Figure 15. Immunohistochemical evaluation of an early lesion in the canine model of Best1-associated maculopathies

A vitelliform lesion of a 112-week-old cBest1-R25X-affected dog immunolabeled with anti-cone arrestin (hCAR, red). Note the massive autofluorescent deposits within RPE cell monolayer and in the subretinal space (green and yellowish-green: native autofluorescence). RPE: retinal pigment epithelium; PRs: photoreceptors. ONL: outer nuclear layer; INL: inner nuclear layer.

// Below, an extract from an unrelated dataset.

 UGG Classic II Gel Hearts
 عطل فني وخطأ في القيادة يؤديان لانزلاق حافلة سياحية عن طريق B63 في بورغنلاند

Scale bar 40 μm.

Figure 16. Comparison of Best1^+/+ and Best1 knock-in mice

Fundus from a wild type mouse (A) and a Best1 knock-in mouse harboring the disease-causing mutation W93C (B). The dotted line highlights the anomalous portion of the fundus in the Best1 knock-in mouse (B). Panel C shows an electron micrograph of a chronic serous detachment of the retina (*) in a Best1 knock-in mouse harboring the disease-causing mutation W93C. Note the RPE microvilli lying horizontally (mv). Photoreceptor outer segments show damage and internal debris (arrows). Panel D shows that, in some regions, unphagocytosed photoreceptor outer segments (arrowheads) are observed “sitting” atop RPE microvilli. Note the extensive accumulation of lipofuscin granules in both C and D.